A series of loudspeakers arranged around the Paul Milstein Pool and Terrace blasted a playlist of songs spanning Reed’s entire career, classics cherry-picked from his tenure with the Velvet Underground and subsequent 40-year solo career. The late icon’s life’s work swallowed the space next to the famed Metropolitan Opera House; attendees swayed with “Perfect Day,” hollered when “Heroin” kicked in, and smirked as “Sister Ray” crumpled over them.

“He was with us here,” said producer and longtime Reed collaborator Hal Willner, who helped select the program’s music. “That kind of artist, you can summon him up. Now we’ll go back to, ‘I can’t believe he’s not here.'”

The service brought together a range of fans: young and old, the devoted and the fairly uninitiated, personal friends to Reed and listeners looking to pay their respects.

“I love that he’s been given this incredible respect,” said Avery Ryan, a 52-year-old lawyer who has admired Reed’s music since the late ’70s. “To have a memorial at Lincoln Center is just amazing.”

“New York is in mourning,” Willner said of Reed’s passing, which came on October 27, when the singer-songwriter was 71 years old. “They’re gathering. You can come and just listen to his records.”

Applause followed every single song that played throughout the bright autumn afternoon. Women in fuzzy winter-wear boots danced to “Dirty Blvd.” as children ran past the thinning trees. Photographers swarmed around Reed’s widow, Laurie Anderson, as she hugged and greeted acquaintances, with “Candy Says” serving as the soundtrack.

Artist and filmmaker Julian Schnabel filtered through the crowd, which also included author Salman Rushdie, actress Natasha Lyonne, Richard Barone of the Bongos, and photographer Bob Gruen, who said, “It’s very humanizing to see that you’re not alone in your pain.”

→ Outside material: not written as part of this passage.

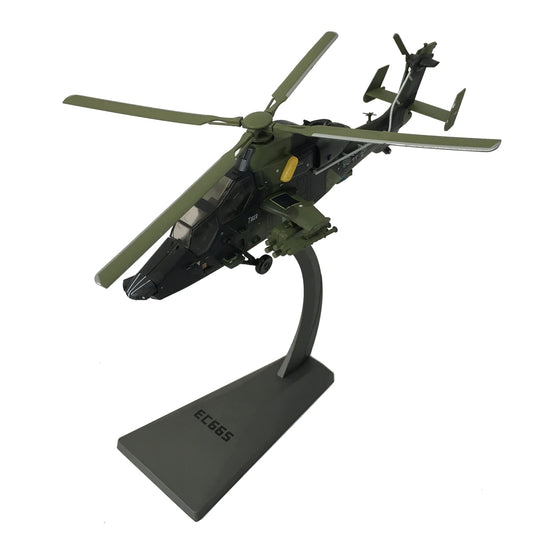 NUOTIE EC665 Airplane Model Eurocopter Tiger 1/72 Scale Die-Cast Model UAT Military Helicopter Metal Toy Military Display Collection and Creative Gift for Airplane Model Lovers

He compared it to a similar feeling when John Lennon passed. “When Yoko told Sean that his father was gone, Sean said, ‘Now he’s everywhere,'” Gruen recalled. “And it’s a good way to do it, to have something like this that’s open to the public. There’s not a guest list, there’s not people talking about him like, ‘I was special.’ It’s everybody coming together and sharing their feelings of loss.”

Ono was not present at the memorial, but she did send a set of long-stem roses with a personal note. Anderson handed the flowers out to fans who approached her, just before the final song of the day, a selection from Reed’s infamously antagonistic Metal Machine Music LP, began.

“The joke was, ‘Put that on to clear it out,'” Willner said. “‘We know we have to stop at 4 p.m. That’ll get people out of there.’ But that also would’ve made [Reed] smile.”

After the music stopped and the plaza emptied, Willner stood inside Lincoln Center’s Avery Fisher Hall and reflected on the tribute.

“He would have loved today, because we had ‘Sister Ray’ and Metal Machine Music,” he said. “You look at today, and now the work is complete.”